• What is needed
Don't include pictures. Quote the lines below from the first through the line that contains "Verander de Draai".

(Scraped caption text data)
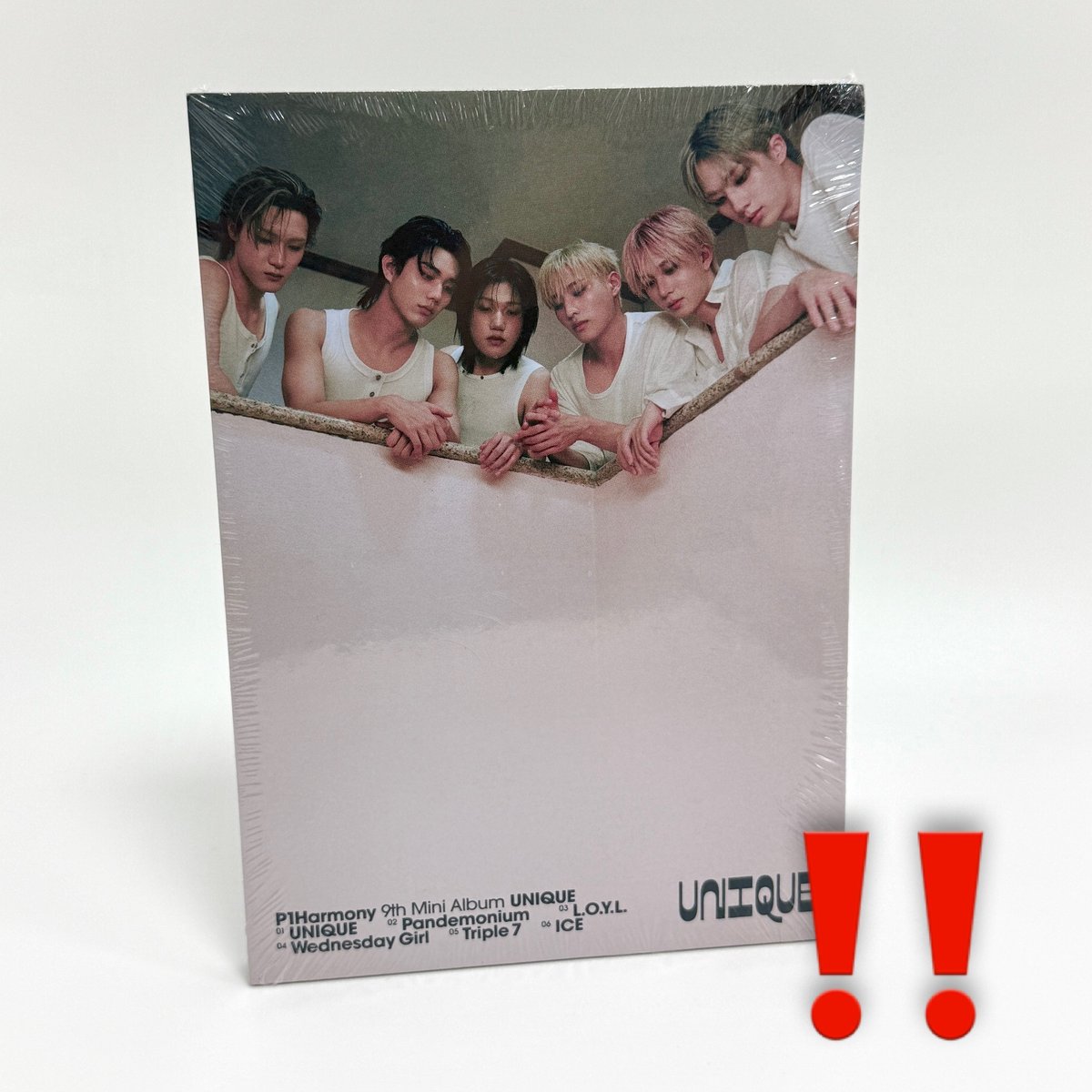 P1Harmony - UNIQUE (Photobook, B ver.)!ПОШКОДЖЕННЯ НА ФОТО!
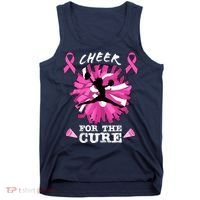 Cheer For The Cure Breast Cancer Awareness Month Cheerleader Tank Top thumb 0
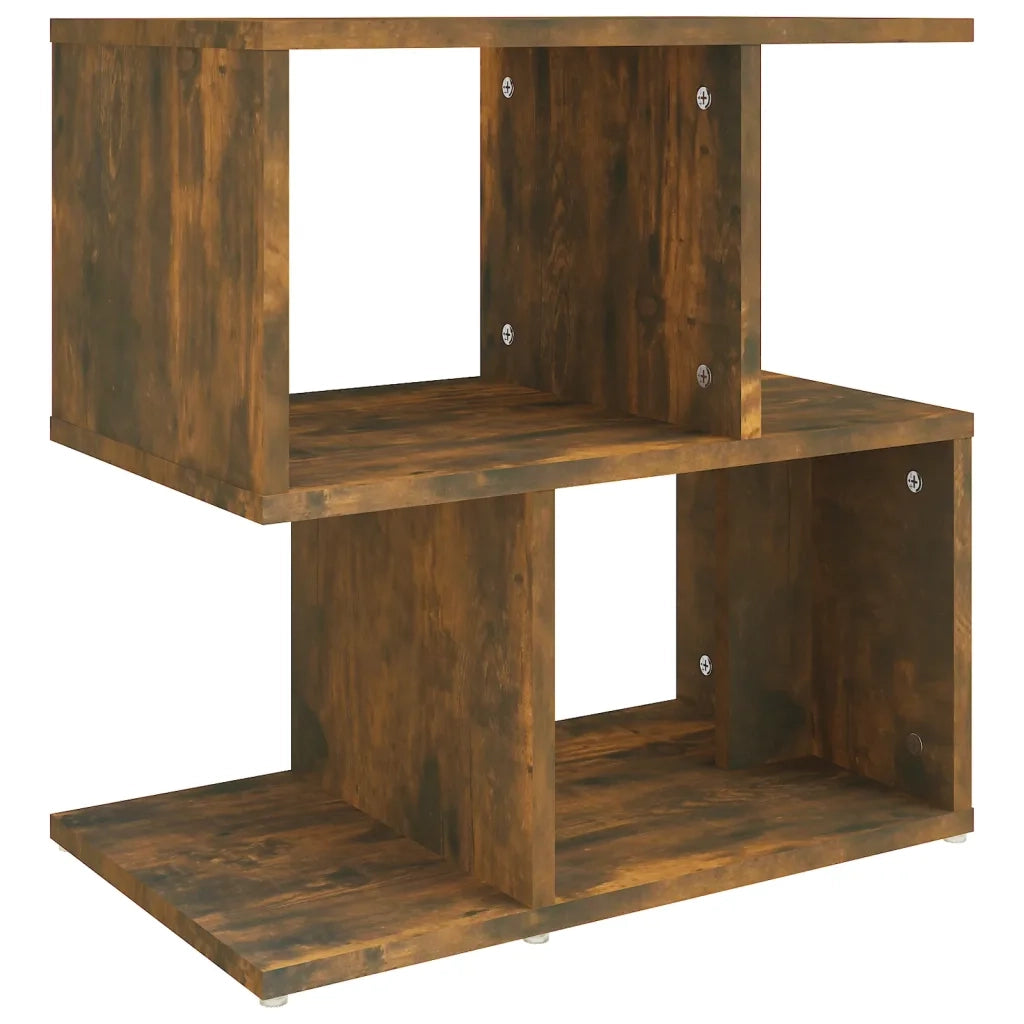 Comodini Rovere Fumo 2pz 50x30x51,5 cm in Legno Multistrato 815829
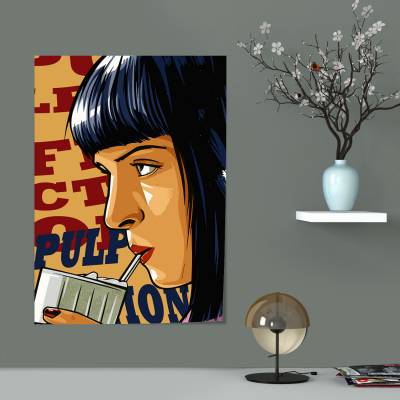پوستر سیلک طرح پالپ فیکشن (Pulp Fiction) - کد : 001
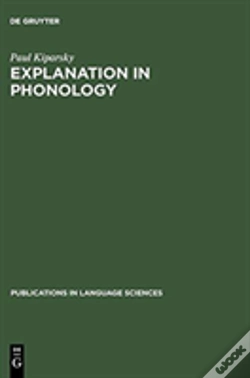 Capa do artigo Explanation In Phonology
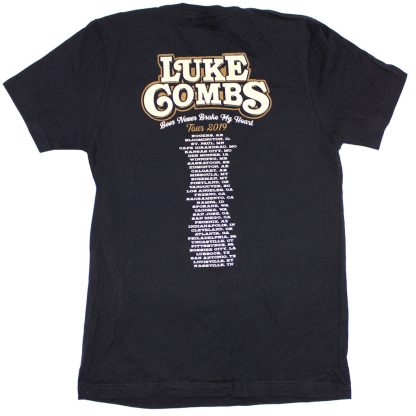 LUKE COMBS Skeleton Beer 2019 Tour Tee T-shirt - Image 2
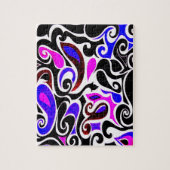 Verander de Draai van de Retro van de Kleur Wacky Legpuzzel (Verticaal)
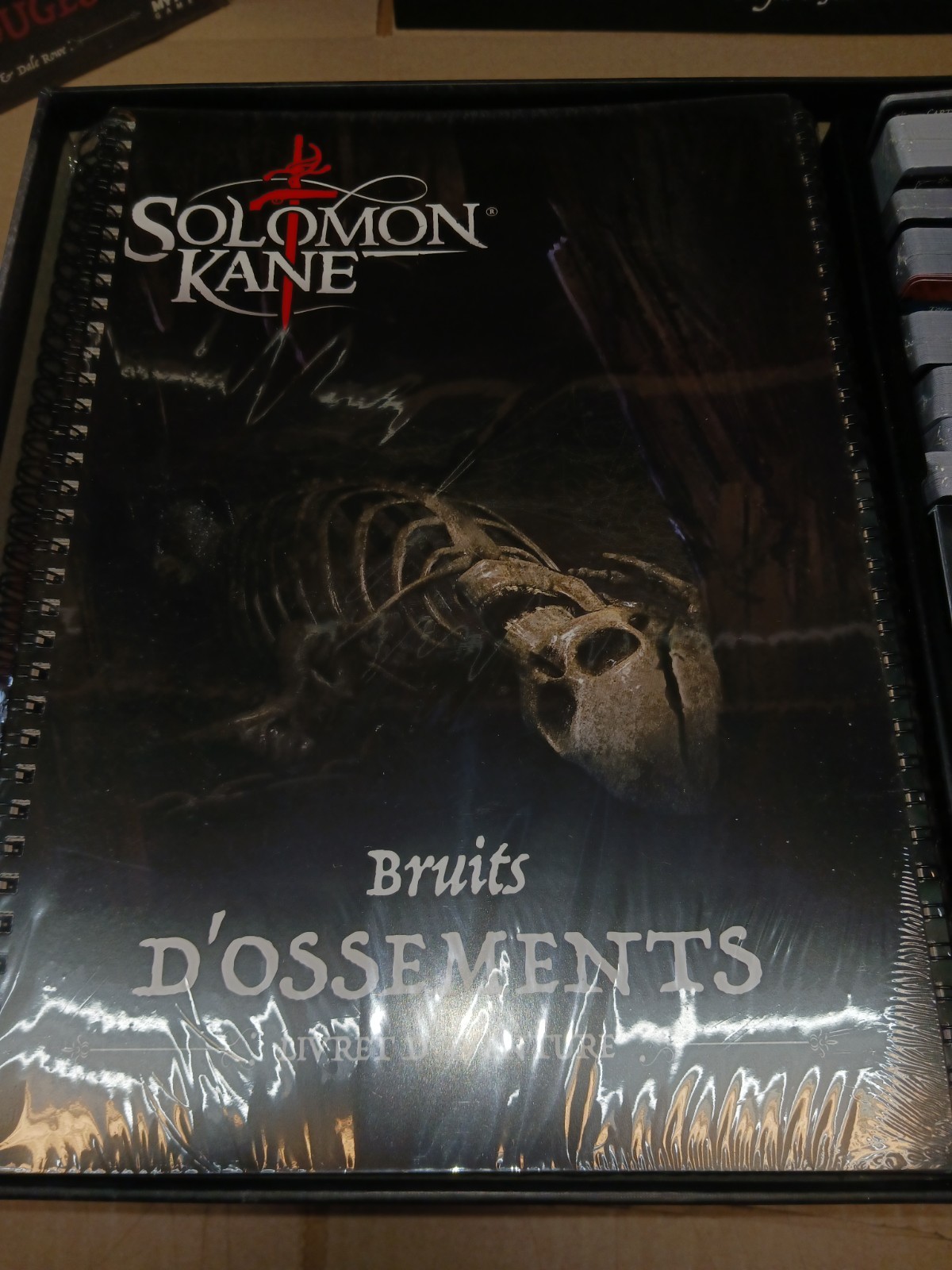 Solomon Kane Board Games- Puritan Pledge & Red Shadows. Both New. In French.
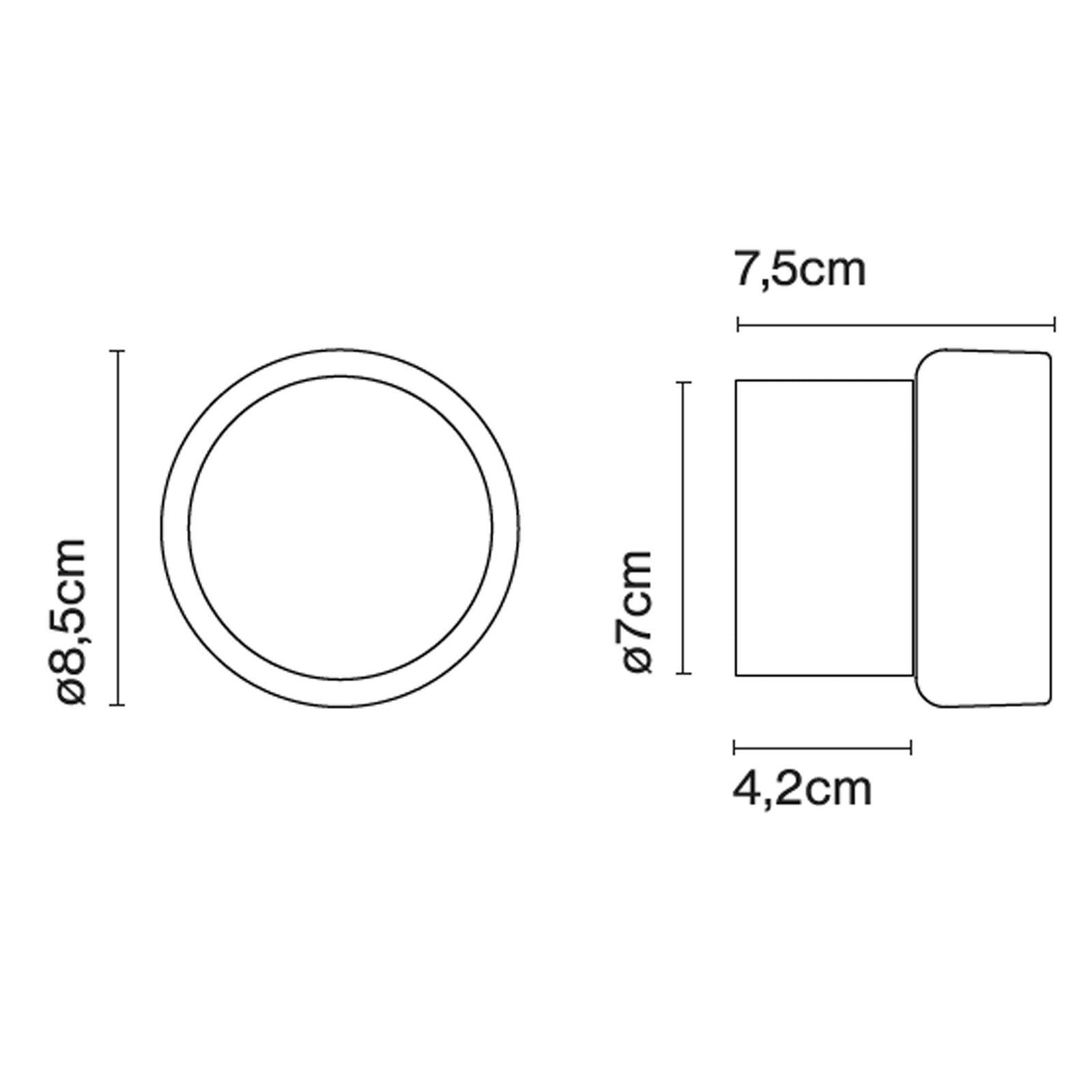Kinkiet LED Marset Roc Mini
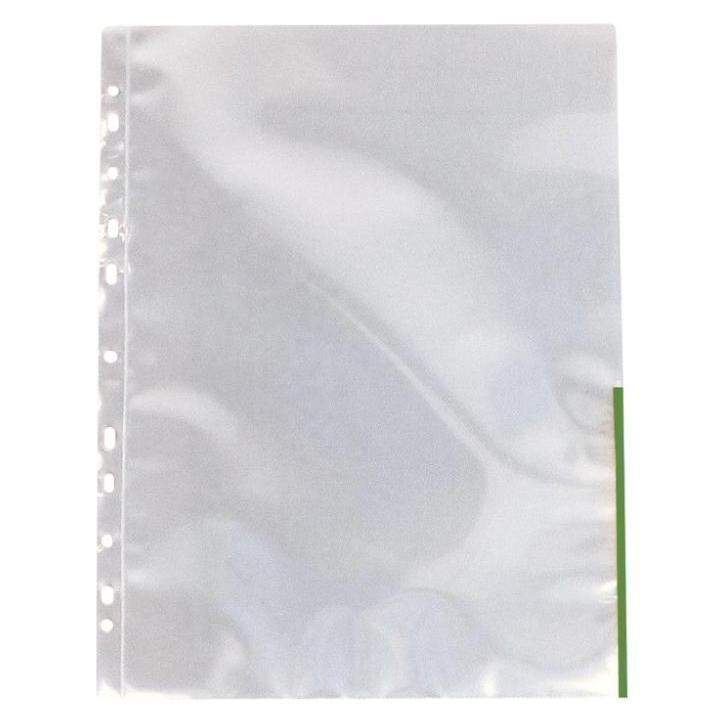Esselte Taschensignal 105my A4 klar grün box/100 (A4, 100x) (55366)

• Exercise result
 P1Harmony - UNIQUE (Photobook, B ver.)!ПОШКОДЖЕННЯ НА ФОТО!
 Cheer For The Cure Breast Cancer Awareness Month Cheerleader Tank Top thumb 0
 Comodini Rovere Fumo 2pz 50x30x51,5 cm in Legno Multistrato 815829
پوستر سیلک طرح پالپ فیکشن (Pulp Fiction) - کد : 001
 Capa do artigo Explanation In Phonology
 LUKE COMBS Skeleton Beer 2019 Tour Tee T-shirt - Image 2
 Verander de Draai van de Retro van de Kleur Wacky Legpuzzel (Verticaal)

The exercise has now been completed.